(Records from a data source)
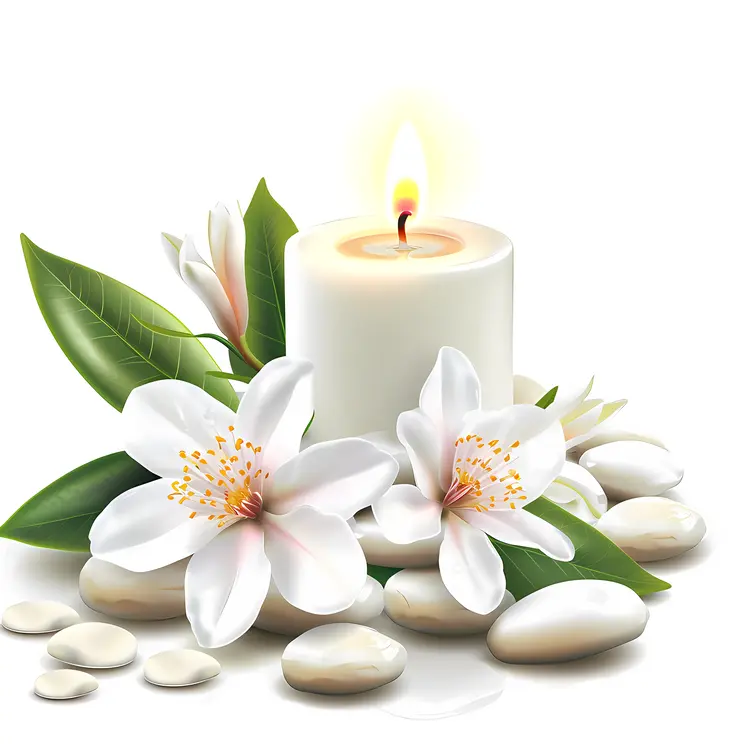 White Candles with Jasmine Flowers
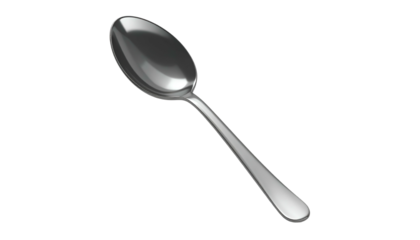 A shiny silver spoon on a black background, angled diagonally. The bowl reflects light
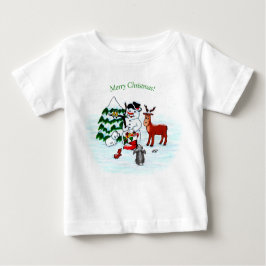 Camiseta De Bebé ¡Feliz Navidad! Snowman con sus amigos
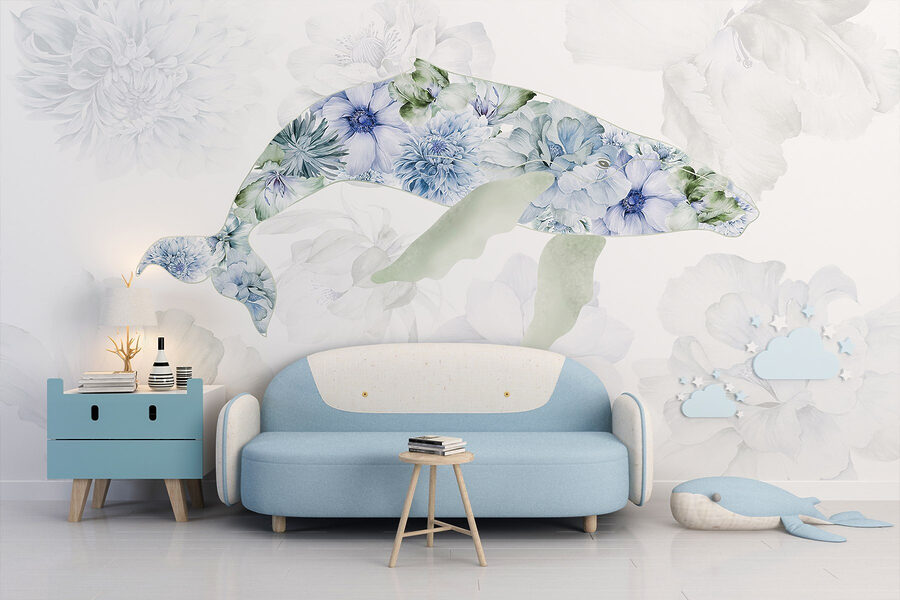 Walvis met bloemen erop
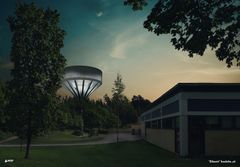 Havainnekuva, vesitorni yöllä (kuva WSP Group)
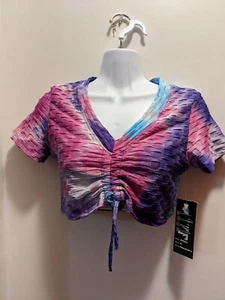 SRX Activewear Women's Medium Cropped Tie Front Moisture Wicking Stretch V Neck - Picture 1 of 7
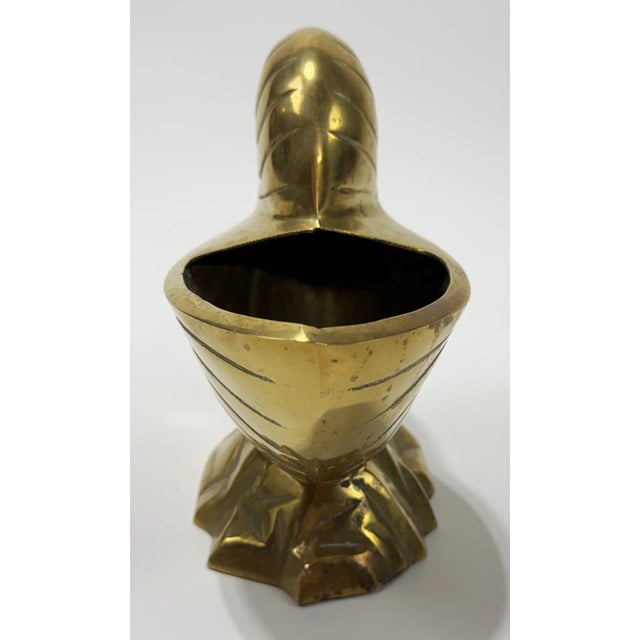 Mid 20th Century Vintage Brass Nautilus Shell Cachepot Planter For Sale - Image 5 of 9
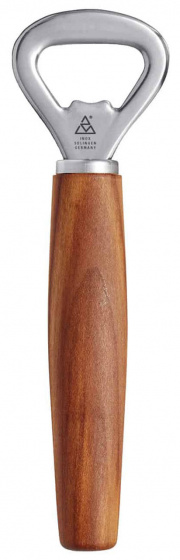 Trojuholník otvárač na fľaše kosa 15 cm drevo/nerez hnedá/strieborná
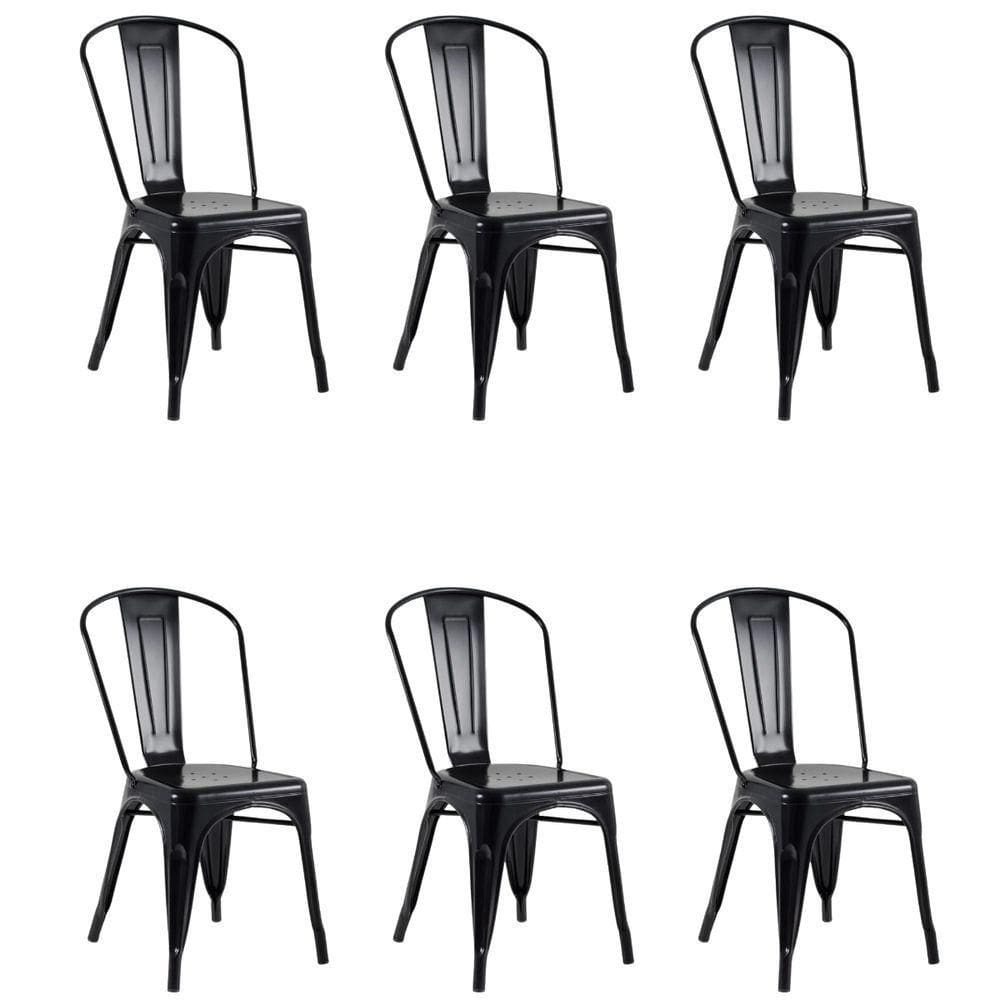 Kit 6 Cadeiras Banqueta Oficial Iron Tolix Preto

*WORK REQUEST*:
All lines above must be repeated exactly, and the pictures must be omitted.

*EXERCISE ANSWER*:
 White Candles with Jasmine Flowers
 A shiny silver spoon on a black background, angled diagonally. The bowl reflects light
 Camiseta De Bebé ¡Feliz Navidad! Snowman con sus amigos
 Walvis met bloemen erop
 Havainnekuva, vesitorni yöllä (kuva WSP Group)
 SRX Activewear Women's Medium Cropped Tie Front Moisture Wicking Stretch V Neck - Picture 1 of 7
 Mid 20th Century Vintage Brass Nautilus Shell Cachepot Planter For Sale - Image 5 of 9
 Trojuholník otvárač na fľaše kosa 15 cm drevo/nerez hnedá/strieborná
 Kit 6 Cadeiras Banqueta Oficial Iron Tolix Preto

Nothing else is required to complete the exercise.